# EXERCISE OBJECTIVE
Look through the data below for the line with "Russell Hobbs Honeycomb" and the line with "Continuous one-line hand", then output those two and all lines in between, exactly as written.

# MATERIAL FOR THE TASK

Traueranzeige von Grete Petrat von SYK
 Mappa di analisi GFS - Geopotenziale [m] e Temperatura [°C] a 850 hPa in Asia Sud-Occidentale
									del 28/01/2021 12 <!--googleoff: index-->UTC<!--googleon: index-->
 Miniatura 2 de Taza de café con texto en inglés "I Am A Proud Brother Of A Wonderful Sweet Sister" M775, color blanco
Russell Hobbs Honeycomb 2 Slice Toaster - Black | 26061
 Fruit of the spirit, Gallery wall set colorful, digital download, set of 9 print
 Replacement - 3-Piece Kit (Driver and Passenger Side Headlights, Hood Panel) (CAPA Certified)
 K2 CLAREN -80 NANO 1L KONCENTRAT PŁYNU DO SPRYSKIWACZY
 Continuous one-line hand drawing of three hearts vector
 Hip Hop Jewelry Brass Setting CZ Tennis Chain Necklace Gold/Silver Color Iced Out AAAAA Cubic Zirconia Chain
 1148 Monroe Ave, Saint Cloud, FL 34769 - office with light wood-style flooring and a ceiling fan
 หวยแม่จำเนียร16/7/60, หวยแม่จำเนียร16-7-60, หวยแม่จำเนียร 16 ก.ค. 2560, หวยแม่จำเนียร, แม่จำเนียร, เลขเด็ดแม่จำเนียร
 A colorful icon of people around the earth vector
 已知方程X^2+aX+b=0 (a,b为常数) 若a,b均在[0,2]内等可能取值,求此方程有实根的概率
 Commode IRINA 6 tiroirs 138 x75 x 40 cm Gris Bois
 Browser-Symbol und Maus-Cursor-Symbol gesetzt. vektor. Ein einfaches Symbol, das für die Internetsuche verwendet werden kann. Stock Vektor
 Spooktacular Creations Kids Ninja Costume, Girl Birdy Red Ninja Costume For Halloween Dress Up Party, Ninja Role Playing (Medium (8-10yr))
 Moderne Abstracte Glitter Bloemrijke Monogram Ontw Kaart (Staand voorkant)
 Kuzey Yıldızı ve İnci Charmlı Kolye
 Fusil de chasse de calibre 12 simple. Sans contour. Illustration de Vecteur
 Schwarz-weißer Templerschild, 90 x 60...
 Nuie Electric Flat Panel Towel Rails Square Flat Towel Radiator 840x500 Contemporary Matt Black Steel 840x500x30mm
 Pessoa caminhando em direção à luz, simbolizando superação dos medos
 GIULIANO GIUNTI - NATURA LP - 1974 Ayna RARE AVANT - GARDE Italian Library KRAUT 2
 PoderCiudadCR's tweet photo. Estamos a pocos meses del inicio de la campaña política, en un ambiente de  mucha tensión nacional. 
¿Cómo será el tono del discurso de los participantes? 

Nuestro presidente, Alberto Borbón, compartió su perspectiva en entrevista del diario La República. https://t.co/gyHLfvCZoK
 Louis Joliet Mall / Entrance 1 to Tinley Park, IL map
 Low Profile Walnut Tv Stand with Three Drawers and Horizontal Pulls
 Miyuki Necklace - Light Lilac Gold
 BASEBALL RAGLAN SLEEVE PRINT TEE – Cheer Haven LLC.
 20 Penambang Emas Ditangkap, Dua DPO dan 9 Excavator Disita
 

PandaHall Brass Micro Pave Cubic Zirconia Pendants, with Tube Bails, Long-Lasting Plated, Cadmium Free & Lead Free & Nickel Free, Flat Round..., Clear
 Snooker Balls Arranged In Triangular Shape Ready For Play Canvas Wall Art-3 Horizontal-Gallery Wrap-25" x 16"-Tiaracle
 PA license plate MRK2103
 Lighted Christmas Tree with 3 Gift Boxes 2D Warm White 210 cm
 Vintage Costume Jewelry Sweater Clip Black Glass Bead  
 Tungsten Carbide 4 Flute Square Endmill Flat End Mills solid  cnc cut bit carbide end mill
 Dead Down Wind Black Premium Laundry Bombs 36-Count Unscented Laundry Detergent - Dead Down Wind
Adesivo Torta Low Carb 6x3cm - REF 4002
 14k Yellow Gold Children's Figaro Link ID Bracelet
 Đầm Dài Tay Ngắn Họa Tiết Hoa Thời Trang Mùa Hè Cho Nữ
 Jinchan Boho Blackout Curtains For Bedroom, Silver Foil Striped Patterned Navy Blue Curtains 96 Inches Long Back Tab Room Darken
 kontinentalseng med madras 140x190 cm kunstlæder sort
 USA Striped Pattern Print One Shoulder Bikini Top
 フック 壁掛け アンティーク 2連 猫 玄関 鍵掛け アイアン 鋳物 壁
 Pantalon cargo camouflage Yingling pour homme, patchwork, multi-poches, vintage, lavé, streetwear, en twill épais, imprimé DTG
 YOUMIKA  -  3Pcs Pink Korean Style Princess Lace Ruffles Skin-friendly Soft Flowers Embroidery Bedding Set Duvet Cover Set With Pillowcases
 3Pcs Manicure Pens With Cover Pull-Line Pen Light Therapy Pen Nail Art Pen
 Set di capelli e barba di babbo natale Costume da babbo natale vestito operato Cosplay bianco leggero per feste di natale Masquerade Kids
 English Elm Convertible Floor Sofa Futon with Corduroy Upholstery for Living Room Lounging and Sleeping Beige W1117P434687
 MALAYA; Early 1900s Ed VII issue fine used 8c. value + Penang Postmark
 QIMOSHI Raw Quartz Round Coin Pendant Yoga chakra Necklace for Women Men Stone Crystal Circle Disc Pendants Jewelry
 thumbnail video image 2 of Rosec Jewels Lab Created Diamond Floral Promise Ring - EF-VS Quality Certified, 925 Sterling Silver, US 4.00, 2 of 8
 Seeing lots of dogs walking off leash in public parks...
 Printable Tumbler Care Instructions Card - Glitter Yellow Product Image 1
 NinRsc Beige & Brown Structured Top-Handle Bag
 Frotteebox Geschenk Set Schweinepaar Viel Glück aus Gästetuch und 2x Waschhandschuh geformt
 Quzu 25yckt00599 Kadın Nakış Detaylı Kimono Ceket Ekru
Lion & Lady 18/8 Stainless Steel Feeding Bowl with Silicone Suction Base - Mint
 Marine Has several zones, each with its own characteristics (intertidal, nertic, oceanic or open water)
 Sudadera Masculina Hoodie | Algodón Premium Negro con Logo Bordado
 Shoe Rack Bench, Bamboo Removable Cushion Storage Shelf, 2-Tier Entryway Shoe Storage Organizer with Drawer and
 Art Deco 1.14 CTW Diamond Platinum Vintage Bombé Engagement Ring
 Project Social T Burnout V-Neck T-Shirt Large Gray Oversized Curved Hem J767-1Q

# TASK ANSWER
Russell Hobbs Honeycomb 2 Slice Toaster - Black | 26061
 Fruit of the spirit, Gallery wall set colorful, digital download, set of 9 print
 Replacement - 3-Piece Kit (Driver and Passenger Side Headlights, Hood Panel) (CAPA Certified)
 K2 CLAREN -80 NANO 1L KONCENTRAT PŁYNU DO SPRYSKIWACZY
 Continuous one-line hand drawing of three hearts vector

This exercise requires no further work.